One of the essential concepts for mastering object-oriented Python is to understand how object methods are implemented. Let's look at a relatively simple Python interaction:
>>> f = [1, 1, 2, 3]
>>> f += [f[-1] + f[-2]]
>>> f
[1, 1, 2, 3, 5]
We've created a list, f, with a sequence of values. We then mutated this list using the += operator to append a new value. The f[-1] + f[-2] expression computes the new value to be appended.
The value of f[-1] is implemented using the list object's __getitem__() method. This is a core pattern of Python: the simple operator-like syntax is implemented by special methods. The special methods have names surrounded with __ to make them distinctive. For simple prefix and suffix syntax, the object is obvious; f[-1] is implemented as f.__getitem__(-1).
The additional operation is similarly implemented by the __add__() special method. In the case of a binary operator, Python will try both operands to see which one offers the special method. In this example, both operands are integers, and both will provide a suitable implementation.
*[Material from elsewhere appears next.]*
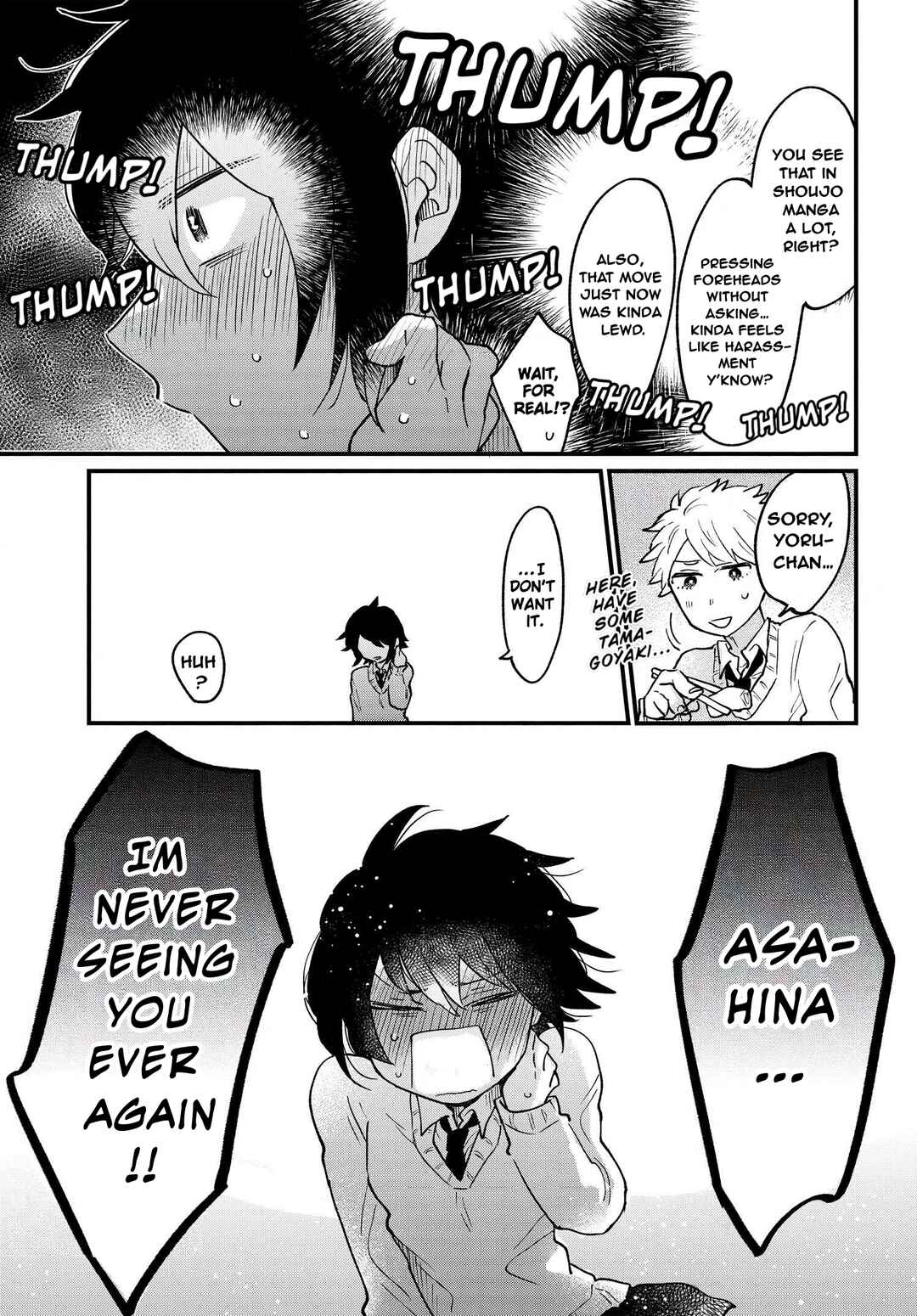 Page 7 Chapter 9 Girls Heart @ High School Boy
In the case of mixed types, the implementation of the binary operator may coerce one value into another type. f[-1] + f[-2], then, is implemented as f.__getitem__(-1).__add__(f.__getitem__(-2)).
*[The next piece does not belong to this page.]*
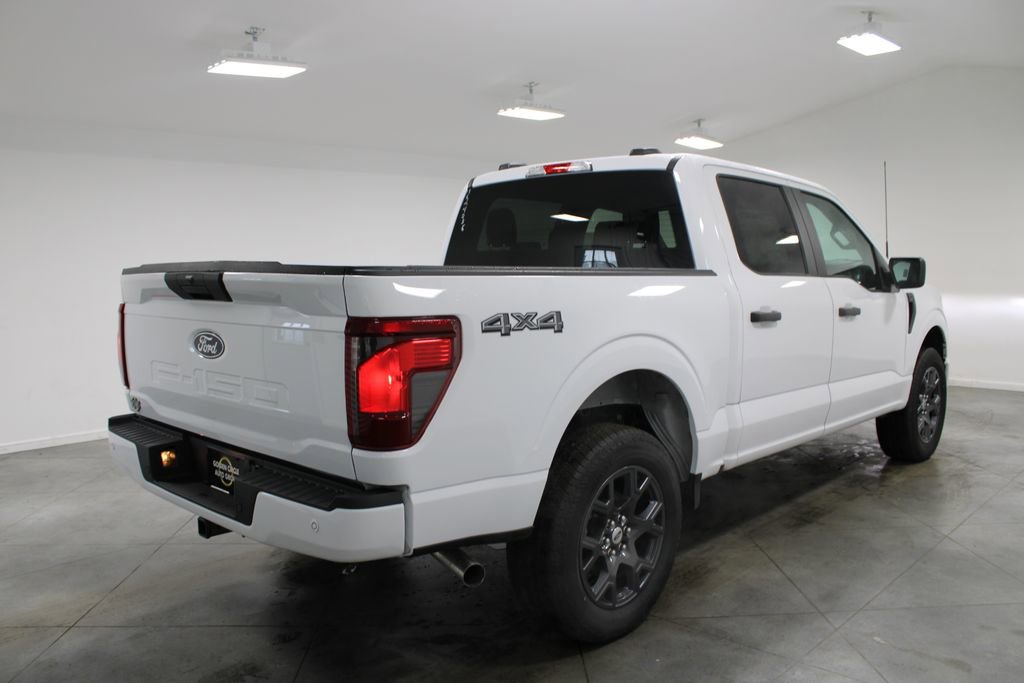 New 2026 Ford F150 STX w/ Equipment Group 200A image 10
The update of f by the += operator is implemented by the __iadd__() special method. Consequently, f += [x] is implemented as f.__iadd__([x]).
Throughout the first eight chapters, we'll look very closely at these special methods and how we can design our classes to integrate very tightly with Python's built-in language features. Mastering the special methods is the essence of mastering object-oriented Python.